The "King of Rock" style is a style used within hip-hop, where the rappers share lines within a verse or words within a line. I have chosen to name it after Run-DMC's 1985 song "King of Rock" because it is a style heavily associated with Run-DMC, and this song is one of the best examples. There are probably earlier examples of the style, however.

While duos and groups are common in hip-hop, the usual technique that they use is to alternate verses on a song. The connection is that the rappers are reciting rhymes around a common theme. Of course, since many hip-hop songs are free association, the connection might be tenuous. In fact, because the rappers aren't interacting with each other, they can phone in their performances, literally or figuratively. The "King of Rock" style instead, has the rappers interacting with each other, producing a heightened emotional energy as they rush to complete each other's sentences. It is an effect that I like, but which I don't know is used very much on modern hip-hop recordings.

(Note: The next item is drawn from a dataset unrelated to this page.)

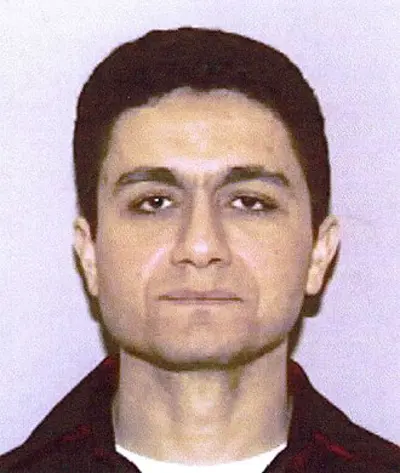 1968 mohamed atta egyptian terrorist died 2001 09 01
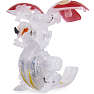 Bakugan Nova S5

I don't know why it is not used much. I have heard examples of the style used both as a high energy, shouted party rap (such as on "King of Rock" itself, and in a softer, lyrical form (on Hieroglyphics "Mics of the Roundtable"), so it is not just a matter of hip-hop becoming more sophisticated. I would actually say that the reason for its decline may just be laziness, since getting it to sound right involves more careful technical and artistic collaboration between the artists, producer and engineers than simply recording verses separately and laying them down on a track. I also think it is interesting that some of the best examples I know come from Run-DMC, Hieroglyphics and the Wu-Tang Clan, groups whose connection goes back to childhood, and who have an intuitive ability to act together. In other words, as a style, it might not be able to be learned, but simple grown into.